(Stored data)
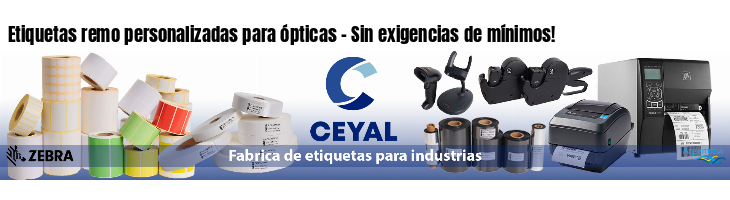 Etiquetas remo personalizadas para ópticas - Sin exigencias de mínimos!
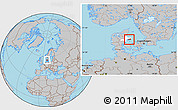 Gray Location Map of Ebeltoft, highlighted parent region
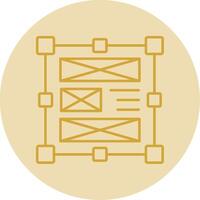 Layout Line Yellow Circle Icon vector
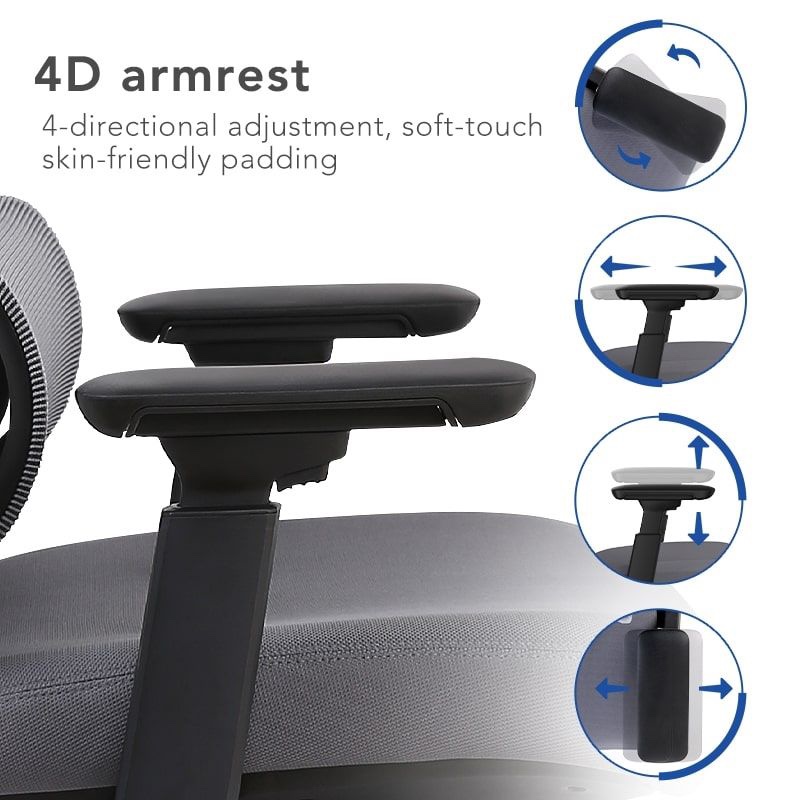 Unboxed Flexispot Soutien Ergonomic Office Chair OC10G - photo 2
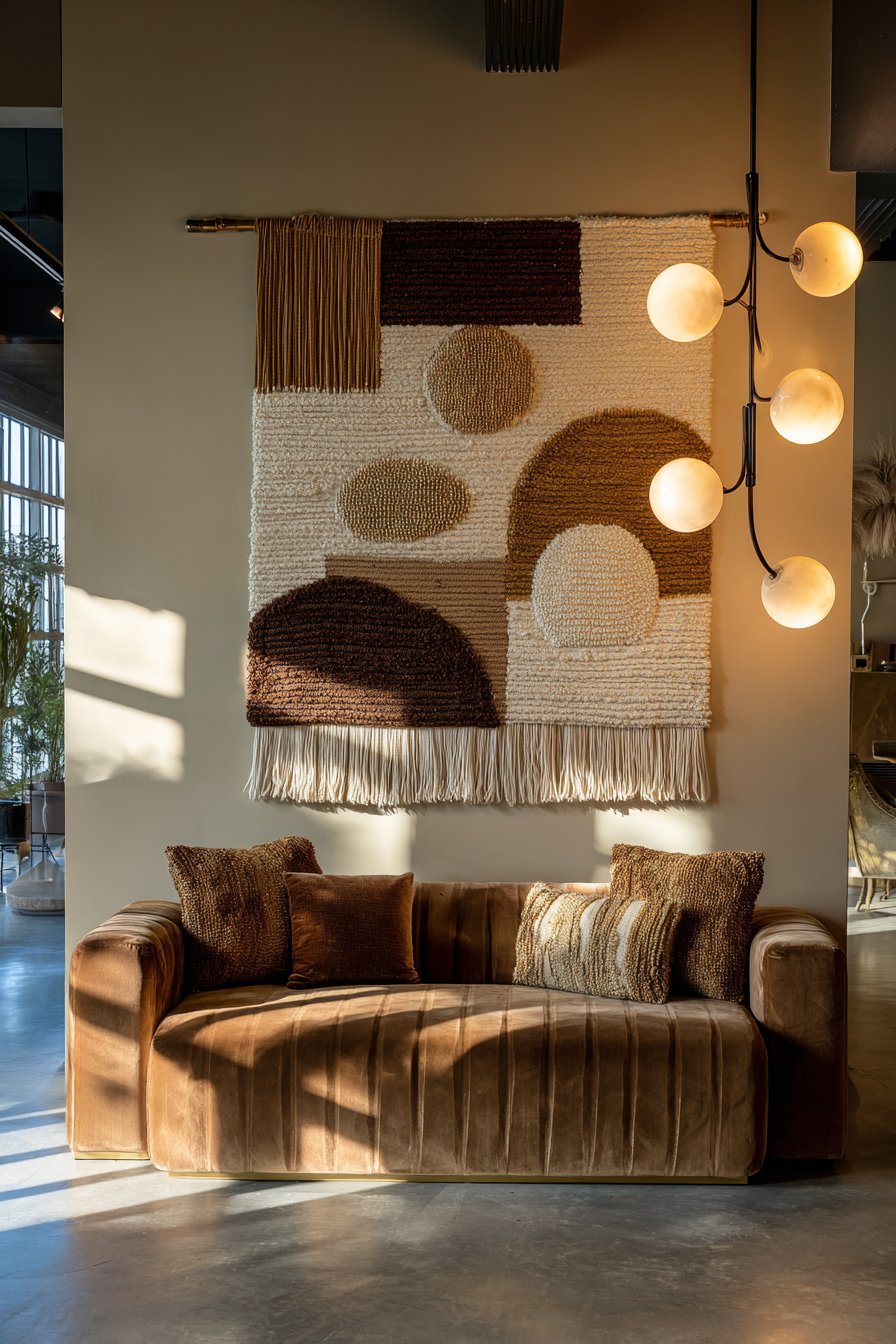 Oversized Woven Textile Statement Piece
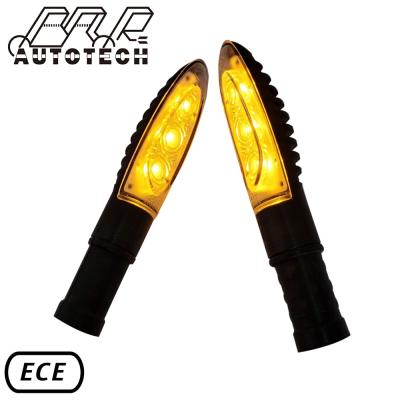 China Retro Led Refit Black Plastic Tail Turn Signal Light Motorcycle Turn Light For Motorbike for sale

- [AIM OF THE EXERCISE]:
Output only the lines that run from the line containing "Oversized Woven Textile Statement Piece" to the last line of the data, exactly as they stand and without pictures.

- [WRITTEN ANSWER]:
 Oversized Woven Textile Statement Piece
 China Retro Led Refit Black Plastic Tail Turn Signal Light Motorcycle Turn Light For Motorbike for sale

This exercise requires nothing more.